218: Llegan los Caballeros – ¡¿Nuevo Maestro?

El cuerpo de Fuuka se balanceaba con el galope de su hermoso corcel negro.

Sus ojos estaban rodeados de ojeras.

Sin embargo, temía que su vida corriera peligro porque la iglesia les atribuía todos los crímenes de lo que había ocurrido en su fiesta, ¡y a Ryuji por despertar a un rey demonio!

«Aunque parece que no dieron mi imagen, sino la de otro estudiante que ya falleció.

Parece que el rey y el duque de Grigor son hombres dignos.

¿O es porque valoran a ese hombre?

Aquel que se enfrentó a una diosa y se sacrificó para salvar el reino de un mundo extranjero».
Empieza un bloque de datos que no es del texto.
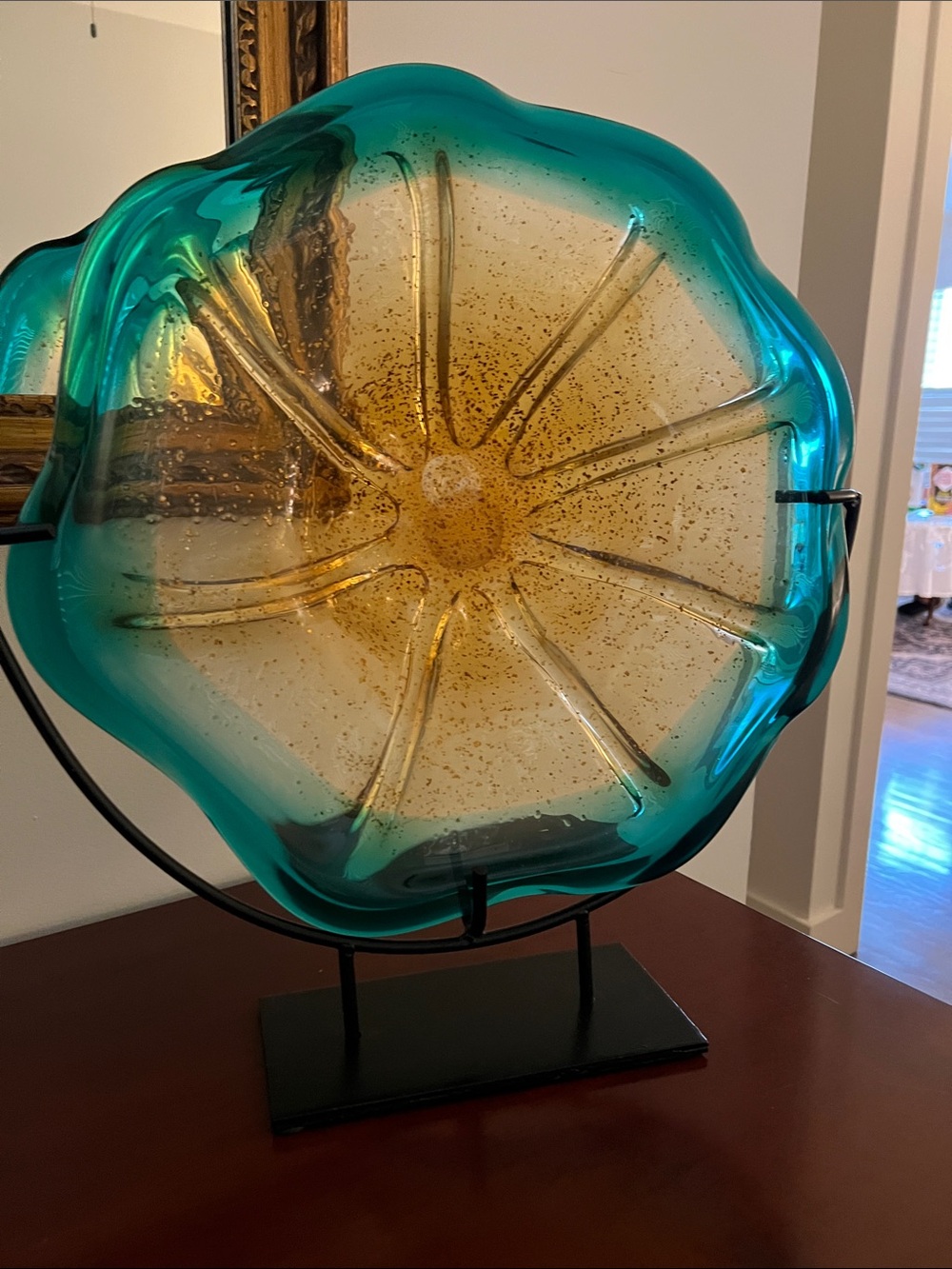 Pier one Handblown Glass Art Plate - Teal and Amber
En el pasado, a Fuuka no le gustaba especialmente Ryuji Vincenzo porque parecía el típico ligón cabrón, un canalla que solo disfrutaba acostándose con mujeres y sin hacer nada.
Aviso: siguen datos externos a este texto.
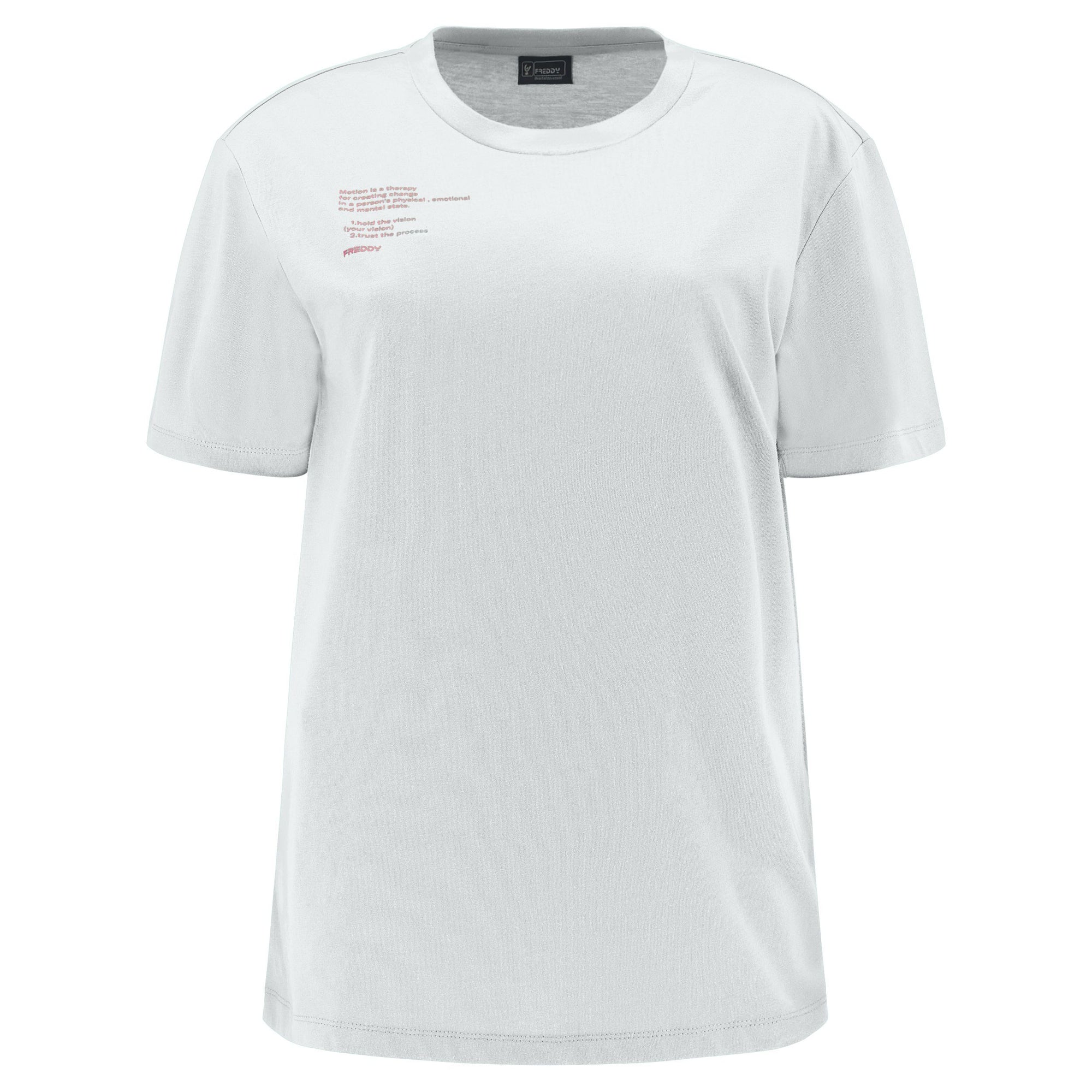 Freddy T-shirt da donna in cotone e stampa lettering S3WGZT4 W71 white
Sin embargo, esa impresión no duró mucho; quizá solo la primera noche.

«Recuerdo cuando todos dábamos por sentado que éramos especiales o héroes.

Él se quedaba en esos campos de entrenamiento durante más horas, pedía entrar en más mazmorras e incluso ayudaba a los héroes más débiles sin habilidades de combate.

Y entonces…».

Mientras estaba perdida en sus pensamientos, una mujer de rasgos decentes y largo pelo rubio galopó hacia Fuuka.

Esta mujer era una de las tropas de confianza de Anne, una de sus capitanas y su amiga más antigua, Fredricka.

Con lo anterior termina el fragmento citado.